Task objective: From the first line of the data through the line containing "Garry Lo playing", return each line exactly.

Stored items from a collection
==*==
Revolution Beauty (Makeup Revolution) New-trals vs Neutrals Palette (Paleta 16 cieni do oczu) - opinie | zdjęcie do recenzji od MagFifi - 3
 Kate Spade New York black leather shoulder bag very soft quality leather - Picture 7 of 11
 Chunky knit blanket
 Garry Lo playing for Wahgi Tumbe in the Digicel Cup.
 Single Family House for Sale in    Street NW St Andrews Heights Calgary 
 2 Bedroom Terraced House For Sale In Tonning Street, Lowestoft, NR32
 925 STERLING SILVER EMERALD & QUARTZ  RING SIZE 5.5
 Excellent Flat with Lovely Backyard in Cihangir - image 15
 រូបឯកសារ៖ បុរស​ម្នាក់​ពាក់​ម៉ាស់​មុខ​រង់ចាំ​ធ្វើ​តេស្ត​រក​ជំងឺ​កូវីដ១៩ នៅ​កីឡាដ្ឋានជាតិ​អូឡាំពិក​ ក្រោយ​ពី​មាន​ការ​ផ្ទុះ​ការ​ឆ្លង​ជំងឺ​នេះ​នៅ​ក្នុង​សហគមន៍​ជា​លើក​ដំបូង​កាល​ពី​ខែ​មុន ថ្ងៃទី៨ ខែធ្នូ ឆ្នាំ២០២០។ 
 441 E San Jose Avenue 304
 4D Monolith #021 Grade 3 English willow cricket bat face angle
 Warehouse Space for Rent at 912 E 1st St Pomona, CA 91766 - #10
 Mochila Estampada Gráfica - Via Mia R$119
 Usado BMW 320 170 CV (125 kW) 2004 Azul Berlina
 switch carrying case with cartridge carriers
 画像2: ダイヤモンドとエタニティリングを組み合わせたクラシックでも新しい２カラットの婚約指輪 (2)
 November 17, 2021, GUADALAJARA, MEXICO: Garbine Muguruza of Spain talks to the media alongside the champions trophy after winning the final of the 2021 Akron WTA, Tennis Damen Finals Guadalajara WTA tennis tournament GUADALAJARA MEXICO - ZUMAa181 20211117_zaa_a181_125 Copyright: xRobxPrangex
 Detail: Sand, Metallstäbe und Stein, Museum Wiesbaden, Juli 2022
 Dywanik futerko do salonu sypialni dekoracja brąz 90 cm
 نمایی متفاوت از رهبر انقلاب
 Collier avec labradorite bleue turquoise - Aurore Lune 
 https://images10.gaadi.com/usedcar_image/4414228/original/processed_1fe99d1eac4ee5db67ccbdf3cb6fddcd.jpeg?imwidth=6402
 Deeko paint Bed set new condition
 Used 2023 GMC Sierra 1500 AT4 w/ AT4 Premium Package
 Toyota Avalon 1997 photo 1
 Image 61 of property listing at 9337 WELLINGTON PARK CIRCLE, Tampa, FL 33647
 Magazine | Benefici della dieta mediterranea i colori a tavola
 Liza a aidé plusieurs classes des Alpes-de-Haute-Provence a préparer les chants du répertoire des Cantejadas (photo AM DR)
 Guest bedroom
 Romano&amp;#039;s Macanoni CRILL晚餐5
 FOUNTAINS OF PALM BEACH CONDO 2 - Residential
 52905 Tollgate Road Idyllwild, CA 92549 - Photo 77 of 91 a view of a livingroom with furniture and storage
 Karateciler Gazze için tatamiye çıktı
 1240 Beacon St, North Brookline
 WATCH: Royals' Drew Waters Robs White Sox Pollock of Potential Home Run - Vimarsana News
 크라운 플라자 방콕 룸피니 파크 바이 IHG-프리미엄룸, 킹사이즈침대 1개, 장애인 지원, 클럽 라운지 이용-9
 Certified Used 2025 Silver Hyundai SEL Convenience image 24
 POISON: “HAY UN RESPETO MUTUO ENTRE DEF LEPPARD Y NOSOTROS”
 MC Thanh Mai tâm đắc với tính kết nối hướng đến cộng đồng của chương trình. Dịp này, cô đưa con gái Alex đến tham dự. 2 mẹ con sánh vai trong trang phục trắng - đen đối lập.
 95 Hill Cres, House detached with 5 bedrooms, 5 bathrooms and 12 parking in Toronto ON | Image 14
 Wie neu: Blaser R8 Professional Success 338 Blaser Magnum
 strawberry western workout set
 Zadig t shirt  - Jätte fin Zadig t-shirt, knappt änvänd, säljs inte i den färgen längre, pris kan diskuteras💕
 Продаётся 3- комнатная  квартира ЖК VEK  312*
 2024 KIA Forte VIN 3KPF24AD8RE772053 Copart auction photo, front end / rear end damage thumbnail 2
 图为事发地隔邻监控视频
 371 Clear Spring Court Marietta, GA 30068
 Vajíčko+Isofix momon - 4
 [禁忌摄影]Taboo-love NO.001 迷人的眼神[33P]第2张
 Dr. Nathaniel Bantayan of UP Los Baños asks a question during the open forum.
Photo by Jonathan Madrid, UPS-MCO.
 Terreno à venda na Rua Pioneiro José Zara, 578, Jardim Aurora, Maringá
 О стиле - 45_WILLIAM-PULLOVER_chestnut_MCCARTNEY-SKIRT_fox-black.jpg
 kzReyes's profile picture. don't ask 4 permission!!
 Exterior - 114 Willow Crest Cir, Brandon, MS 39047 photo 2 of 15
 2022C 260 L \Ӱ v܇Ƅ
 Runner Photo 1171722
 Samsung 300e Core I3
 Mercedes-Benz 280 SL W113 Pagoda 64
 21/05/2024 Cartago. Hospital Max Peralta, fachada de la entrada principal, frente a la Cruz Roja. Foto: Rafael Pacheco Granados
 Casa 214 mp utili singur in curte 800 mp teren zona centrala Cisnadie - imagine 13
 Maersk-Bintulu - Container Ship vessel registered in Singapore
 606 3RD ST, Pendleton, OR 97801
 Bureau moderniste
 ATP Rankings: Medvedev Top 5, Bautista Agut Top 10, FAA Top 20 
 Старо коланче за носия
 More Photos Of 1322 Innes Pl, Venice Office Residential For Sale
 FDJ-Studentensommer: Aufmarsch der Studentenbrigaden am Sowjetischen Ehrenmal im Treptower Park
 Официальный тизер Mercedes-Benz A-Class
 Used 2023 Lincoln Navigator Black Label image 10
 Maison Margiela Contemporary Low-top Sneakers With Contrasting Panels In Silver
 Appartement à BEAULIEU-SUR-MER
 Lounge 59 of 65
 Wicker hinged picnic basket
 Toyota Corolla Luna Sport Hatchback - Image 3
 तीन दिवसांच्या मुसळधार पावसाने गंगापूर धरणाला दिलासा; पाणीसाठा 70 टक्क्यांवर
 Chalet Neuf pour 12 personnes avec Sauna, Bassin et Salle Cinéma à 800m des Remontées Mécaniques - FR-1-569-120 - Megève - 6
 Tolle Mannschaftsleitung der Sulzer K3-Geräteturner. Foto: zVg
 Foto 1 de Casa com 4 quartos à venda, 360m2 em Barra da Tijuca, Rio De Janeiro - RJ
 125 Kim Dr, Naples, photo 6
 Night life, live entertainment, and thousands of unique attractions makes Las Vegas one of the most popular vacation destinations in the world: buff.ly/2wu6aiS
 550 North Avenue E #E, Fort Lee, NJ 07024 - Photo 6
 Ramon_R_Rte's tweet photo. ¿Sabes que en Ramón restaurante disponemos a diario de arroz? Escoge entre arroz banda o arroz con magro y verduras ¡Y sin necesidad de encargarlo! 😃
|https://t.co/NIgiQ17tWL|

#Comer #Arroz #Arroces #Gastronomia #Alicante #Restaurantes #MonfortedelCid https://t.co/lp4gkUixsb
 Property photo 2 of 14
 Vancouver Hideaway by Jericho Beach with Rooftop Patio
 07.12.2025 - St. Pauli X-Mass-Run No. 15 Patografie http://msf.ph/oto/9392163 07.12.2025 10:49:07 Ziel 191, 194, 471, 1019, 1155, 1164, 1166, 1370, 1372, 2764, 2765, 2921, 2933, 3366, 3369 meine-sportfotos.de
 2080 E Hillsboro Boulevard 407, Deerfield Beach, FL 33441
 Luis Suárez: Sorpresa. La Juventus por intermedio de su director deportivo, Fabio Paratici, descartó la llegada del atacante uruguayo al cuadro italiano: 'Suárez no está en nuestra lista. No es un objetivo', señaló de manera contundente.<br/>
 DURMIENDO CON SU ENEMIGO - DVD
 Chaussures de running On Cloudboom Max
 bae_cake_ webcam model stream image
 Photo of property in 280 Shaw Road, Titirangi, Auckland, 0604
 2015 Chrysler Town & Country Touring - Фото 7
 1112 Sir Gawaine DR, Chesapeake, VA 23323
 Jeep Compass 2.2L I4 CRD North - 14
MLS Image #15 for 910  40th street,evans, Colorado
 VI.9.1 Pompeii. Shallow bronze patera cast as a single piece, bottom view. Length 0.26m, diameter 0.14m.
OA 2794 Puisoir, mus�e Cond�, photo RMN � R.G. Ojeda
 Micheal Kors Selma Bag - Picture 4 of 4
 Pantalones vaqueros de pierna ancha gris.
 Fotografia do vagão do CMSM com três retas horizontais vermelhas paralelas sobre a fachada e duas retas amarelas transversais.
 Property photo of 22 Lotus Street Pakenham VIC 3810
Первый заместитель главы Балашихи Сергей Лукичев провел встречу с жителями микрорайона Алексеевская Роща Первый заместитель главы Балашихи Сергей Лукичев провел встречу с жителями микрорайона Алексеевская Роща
==*==
Solution for this problem:
Revolution Beauty (Makeup Revolution) New-trals vs Neutrals Palette (Paleta 16 cieni do oczu) - opinie | zdjęcie do recenzji od MagFifi - 3
 Kate Spade New York black leather shoulder bag very soft quality leather - Picture 7 of 11
 Chunky knit blanket
 Garry Lo playing for Wahgi Tumbe in the Digicel Cup.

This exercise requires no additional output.